Cleaning wise, just to see what you have, try just standard glycerine soap. Or even a damp rag just to take the dust off it. 

Good luck girl! I think you are going to love it!


----------



## Brighteyes (Mar 8, 2009)

Wow! It's like a sign! You rode in that _very_ same model _and_ rode walkers with it. :shock: 


From what you describe, it sounds perfect for distance. Places to put stuff, keeps the horse cool, and should fit me -- I'm 5.1 and 150 pounds with with a high tolerance for discomfort in the event my butt is a little too large--, and that English saddle-esque feel I can't find in most endurance saddles. 

I'm amazed it is in such good condition. It was in the corner of an old barn; it probably hadn't been touched in decades. The leather is more supple than most bridles I dig up in the back of my tack room, and the buckles aren't even rusted into a fixed position. 

I'll have to see if it'll fit Baby Girl... She's of average roundness. If it does, I just got a new endurance saddle. The funny thing is I've been complaining about my saddle for the past week and just started my new saddle fund with the 40 bucks I got today, an hour before my granddad arrived with this saddle.

Can we say most awesome tack discovery ever?


----------



## corinowalk (Apr 26, 2010)

Oh I am so jealous girl! 

I know how much I loved riding in that saddle!


----------



## Reiterin (Mar 28, 2010)

I think that is very cool! now you'll just need to find a civil war/cavalry re-enactment group to join.


----------



## luvs2ride1979 (Nov 9, 2007)

An 11" seat was actually a "medium" sized Military saddle. A 12" seat was a "large." I believe an 11" is equivalent to a 14" western saddle or 16-16.5" English.

I agree, have it professionally restored. It's either in amazing condition, or was restored at one time, long ago. Cool find!


----------



## Brighteyes (Mar 8, 2009)

Oh, Cori, I'm excited!

If I get it restored by a pro, will they be able to re-attach the pieces of leather that have broken off? I have every piece of it, but they're just snapped cleanly off. 

Ooh! I wanna dress as a WW1 solider. Did they ride pintos, cause that's all I got?


----------



## corinowalk (Apr 26, 2010)

A good professional will be able to either repair the leather you have or match, dye and cut leather to match the saddle. 

I tried to find a picture of me riding in that saddle and I just haven't dug deep enough yet! LOL


----------



## smrobs (Jul 30, 2008)

Wow, what a find!! It appears to be in amazingly good condition, especially considering it's age. But, of course, back then they made stuff to last forever, not like so much of the workmanship we see today. You'll have to share some pictures after you get it fixed up.


----------



## Brighteyes (Mar 8, 2009)

Dig deeper, Cori! I wanna see one what it's supose to look like in rideable condition. 

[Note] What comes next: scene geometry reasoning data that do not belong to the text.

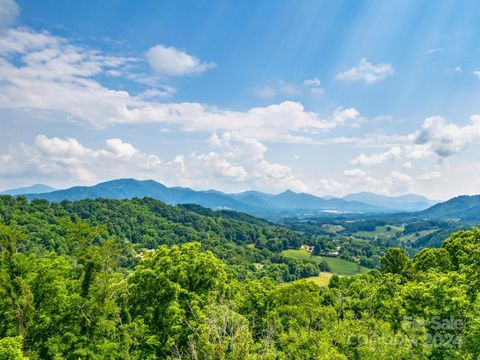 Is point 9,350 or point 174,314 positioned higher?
point 9,350

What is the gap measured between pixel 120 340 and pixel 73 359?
11.8 ft

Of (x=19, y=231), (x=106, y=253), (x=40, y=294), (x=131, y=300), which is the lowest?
(x=131, y=300)

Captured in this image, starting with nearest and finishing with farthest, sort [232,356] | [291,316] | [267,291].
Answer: [232,356] < [291,316] < [267,291]

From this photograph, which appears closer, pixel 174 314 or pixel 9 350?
pixel 9 350

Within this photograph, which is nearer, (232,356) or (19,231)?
(232,356)

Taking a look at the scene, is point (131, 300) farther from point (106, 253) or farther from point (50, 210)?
point (50, 210)

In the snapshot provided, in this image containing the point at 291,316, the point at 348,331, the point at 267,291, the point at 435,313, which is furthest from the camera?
the point at 267,291

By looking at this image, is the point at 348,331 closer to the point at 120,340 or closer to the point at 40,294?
the point at 120,340

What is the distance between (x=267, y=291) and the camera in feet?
139

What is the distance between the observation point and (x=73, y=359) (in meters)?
23.3

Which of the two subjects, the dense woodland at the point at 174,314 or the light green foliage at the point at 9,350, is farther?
the dense woodland at the point at 174,314

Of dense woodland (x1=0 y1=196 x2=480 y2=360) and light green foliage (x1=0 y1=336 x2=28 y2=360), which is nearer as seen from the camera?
light green foliage (x1=0 y1=336 x2=28 y2=360)

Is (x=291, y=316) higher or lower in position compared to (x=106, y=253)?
lower

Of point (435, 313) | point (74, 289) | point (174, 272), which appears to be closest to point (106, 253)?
point (74, 289) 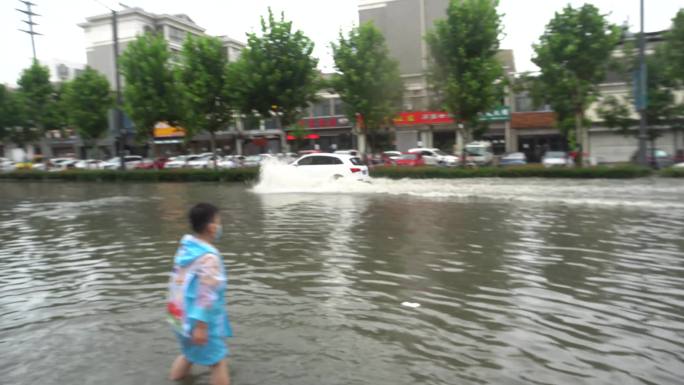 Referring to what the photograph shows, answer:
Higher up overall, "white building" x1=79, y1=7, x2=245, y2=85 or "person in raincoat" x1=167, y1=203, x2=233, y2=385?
"white building" x1=79, y1=7, x2=245, y2=85

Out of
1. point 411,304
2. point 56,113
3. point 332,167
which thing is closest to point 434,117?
point 332,167

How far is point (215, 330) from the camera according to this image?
367 centimetres

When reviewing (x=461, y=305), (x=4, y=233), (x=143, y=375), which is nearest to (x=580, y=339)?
(x=461, y=305)

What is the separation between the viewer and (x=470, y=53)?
26859 mm

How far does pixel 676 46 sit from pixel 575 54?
4.70m

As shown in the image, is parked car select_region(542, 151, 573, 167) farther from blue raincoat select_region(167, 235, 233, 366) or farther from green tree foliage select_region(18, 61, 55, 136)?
green tree foliage select_region(18, 61, 55, 136)

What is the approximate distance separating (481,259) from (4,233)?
35.7ft

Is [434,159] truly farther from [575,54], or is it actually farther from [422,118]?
[575,54]

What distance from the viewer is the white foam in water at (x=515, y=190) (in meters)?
15.4

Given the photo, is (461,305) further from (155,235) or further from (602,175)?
(602,175)

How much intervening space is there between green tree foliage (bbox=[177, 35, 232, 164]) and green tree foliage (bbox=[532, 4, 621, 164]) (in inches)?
702

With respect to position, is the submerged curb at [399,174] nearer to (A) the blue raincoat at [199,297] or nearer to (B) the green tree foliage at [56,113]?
(B) the green tree foliage at [56,113]

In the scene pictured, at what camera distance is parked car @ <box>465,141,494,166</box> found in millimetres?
36062

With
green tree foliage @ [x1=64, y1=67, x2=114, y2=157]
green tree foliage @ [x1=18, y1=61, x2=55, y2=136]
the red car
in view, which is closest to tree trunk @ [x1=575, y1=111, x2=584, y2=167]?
the red car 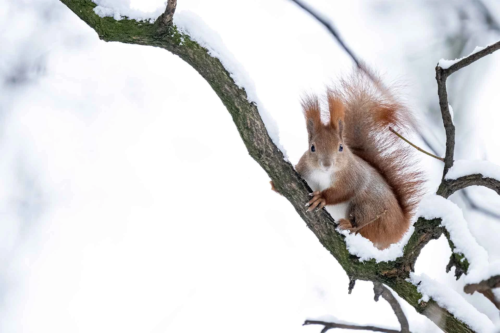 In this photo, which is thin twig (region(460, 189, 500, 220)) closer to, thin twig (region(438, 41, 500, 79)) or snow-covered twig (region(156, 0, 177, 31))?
thin twig (region(438, 41, 500, 79))

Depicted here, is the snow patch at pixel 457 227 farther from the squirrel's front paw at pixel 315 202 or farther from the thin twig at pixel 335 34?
the thin twig at pixel 335 34

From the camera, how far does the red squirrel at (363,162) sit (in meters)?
2.69

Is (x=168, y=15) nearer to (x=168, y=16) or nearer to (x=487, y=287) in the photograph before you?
(x=168, y=16)

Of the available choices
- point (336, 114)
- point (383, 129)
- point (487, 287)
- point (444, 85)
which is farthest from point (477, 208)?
point (487, 287)

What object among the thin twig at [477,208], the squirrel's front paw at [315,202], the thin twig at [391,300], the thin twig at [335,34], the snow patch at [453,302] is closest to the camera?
the snow patch at [453,302]

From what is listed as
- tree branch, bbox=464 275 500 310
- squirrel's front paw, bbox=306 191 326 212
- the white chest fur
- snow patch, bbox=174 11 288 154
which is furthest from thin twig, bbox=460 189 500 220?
tree branch, bbox=464 275 500 310

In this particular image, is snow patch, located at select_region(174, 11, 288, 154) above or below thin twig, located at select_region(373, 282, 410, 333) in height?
above

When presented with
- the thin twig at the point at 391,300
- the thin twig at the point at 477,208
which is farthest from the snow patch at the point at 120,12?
the thin twig at the point at 477,208

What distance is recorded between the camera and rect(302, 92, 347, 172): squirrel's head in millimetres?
2648

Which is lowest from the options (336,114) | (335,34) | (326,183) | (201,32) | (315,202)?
(315,202)

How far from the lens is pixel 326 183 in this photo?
2.68 metres

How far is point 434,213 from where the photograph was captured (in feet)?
5.90

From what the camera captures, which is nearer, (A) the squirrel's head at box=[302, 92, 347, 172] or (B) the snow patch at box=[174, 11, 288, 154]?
(B) the snow patch at box=[174, 11, 288, 154]

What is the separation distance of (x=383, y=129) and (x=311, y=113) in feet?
1.57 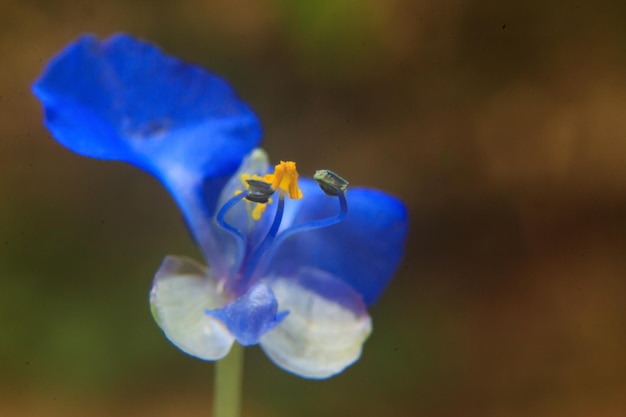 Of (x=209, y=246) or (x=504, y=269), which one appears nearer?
(x=209, y=246)

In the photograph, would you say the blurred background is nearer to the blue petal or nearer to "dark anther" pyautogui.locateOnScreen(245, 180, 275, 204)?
the blue petal

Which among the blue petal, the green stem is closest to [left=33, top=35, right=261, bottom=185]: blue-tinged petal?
the blue petal

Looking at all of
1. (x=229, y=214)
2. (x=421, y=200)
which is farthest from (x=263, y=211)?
(x=421, y=200)

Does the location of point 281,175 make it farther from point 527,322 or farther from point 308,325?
point 527,322

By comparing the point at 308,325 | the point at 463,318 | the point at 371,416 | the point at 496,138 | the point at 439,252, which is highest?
the point at 496,138

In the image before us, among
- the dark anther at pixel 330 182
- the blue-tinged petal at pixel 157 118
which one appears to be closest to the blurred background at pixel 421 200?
the blue-tinged petal at pixel 157 118

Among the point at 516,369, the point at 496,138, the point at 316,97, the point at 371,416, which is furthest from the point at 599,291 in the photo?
the point at 316,97

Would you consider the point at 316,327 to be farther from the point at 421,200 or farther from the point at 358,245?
the point at 421,200

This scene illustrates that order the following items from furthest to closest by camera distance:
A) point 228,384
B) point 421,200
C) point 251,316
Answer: point 421,200 → point 228,384 → point 251,316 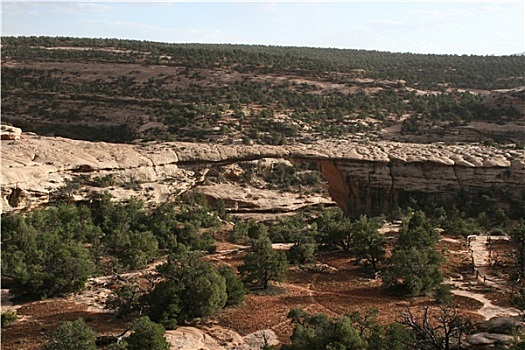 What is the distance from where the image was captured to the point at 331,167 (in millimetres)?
31641

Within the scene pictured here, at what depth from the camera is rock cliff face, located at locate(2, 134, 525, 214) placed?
84.4ft

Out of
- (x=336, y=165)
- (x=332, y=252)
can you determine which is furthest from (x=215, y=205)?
(x=332, y=252)

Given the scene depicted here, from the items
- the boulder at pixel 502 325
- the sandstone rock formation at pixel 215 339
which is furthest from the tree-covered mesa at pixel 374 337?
the sandstone rock formation at pixel 215 339

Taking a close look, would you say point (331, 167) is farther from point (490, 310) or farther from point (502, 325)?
point (502, 325)

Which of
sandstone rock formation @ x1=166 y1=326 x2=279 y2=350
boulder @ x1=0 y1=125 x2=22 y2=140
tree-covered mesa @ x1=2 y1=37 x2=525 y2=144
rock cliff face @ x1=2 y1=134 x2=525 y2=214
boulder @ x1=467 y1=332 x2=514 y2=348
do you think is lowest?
sandstone rock formation @ x1=166 y1=326 x2=279 y2=350

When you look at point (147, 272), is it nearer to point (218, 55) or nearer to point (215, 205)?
point (215, 205)

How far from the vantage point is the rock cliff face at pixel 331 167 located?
25.7m

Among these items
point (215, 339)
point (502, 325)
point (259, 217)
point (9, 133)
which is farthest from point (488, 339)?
point (9, 133)

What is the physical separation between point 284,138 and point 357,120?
821 centimetres

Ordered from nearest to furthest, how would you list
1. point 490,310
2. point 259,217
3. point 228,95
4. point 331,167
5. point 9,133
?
point 490,310 → point 9,133 → point 331,167 → point 259,217 → point 228,95

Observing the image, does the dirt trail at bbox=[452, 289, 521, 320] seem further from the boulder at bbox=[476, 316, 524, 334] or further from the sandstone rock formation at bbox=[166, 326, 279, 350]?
the sandstone rock formation at bbox=[166, 326, 279, 350]

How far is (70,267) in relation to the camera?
744 inches

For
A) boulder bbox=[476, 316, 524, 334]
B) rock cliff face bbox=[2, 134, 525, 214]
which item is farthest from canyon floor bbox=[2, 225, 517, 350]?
rock cliff face bbox=[2, 134, 525, 214]

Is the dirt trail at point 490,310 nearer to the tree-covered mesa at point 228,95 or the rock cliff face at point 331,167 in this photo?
the rock cliff face at point 331,167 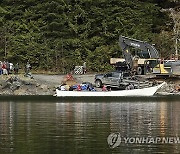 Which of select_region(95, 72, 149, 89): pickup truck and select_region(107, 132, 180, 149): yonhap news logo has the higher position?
select_region(95, 72, 149, 89): pickup truck

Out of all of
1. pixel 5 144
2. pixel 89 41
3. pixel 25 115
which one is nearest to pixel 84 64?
pixel 89 41

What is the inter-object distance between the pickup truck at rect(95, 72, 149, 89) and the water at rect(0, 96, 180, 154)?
21654 mm

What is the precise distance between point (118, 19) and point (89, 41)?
476 cm

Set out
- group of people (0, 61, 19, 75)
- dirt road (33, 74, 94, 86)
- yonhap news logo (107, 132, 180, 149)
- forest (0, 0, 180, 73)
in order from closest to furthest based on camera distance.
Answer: yonhap news logo (107, 132, 180, 149)
dirt road (33, 74, 94, 86)
group of people (0, 61, 19, 75)
forest (0, 0, 180, 73)

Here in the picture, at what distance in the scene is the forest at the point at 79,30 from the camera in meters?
80.3

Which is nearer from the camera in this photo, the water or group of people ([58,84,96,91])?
the water

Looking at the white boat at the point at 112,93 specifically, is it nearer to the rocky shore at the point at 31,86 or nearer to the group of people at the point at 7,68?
the rocky shore at the point at 31,86

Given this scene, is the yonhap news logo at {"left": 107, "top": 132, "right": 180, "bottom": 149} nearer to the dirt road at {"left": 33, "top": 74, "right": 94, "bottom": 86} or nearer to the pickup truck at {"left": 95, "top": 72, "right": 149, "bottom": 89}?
the pickup truck at {"left": 95, "top": 72, "right": 149, "bottom": 89}

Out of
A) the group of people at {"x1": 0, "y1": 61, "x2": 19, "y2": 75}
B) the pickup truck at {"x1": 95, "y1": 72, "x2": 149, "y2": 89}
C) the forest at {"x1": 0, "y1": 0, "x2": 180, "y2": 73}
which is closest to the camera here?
the pickup truck at {"x1": 95, "y1": 72, "x2": 149, "y2": 89}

Also, I took the girth off yesterday to clean it and forgot how to put it back on, so if you have pictures from the side... 


Yep! That thing has to be amazing quality if it survived so long and so well. That means I can beat it up all over again and it should survive. I'm very rough on my tack.


----------



## Reiterin (Mar 28, 2010)

Brighteyes said:


> Ooh! I wanna dress as a WW1 solider. Did they ride pintos, cause that's all I got?


I don't know about WWI - apparently during the civil war they were not really used though. 10th New York Cavalry: Frequently Asked Questions 
but who cares! I say dress up and have fun! =)


----------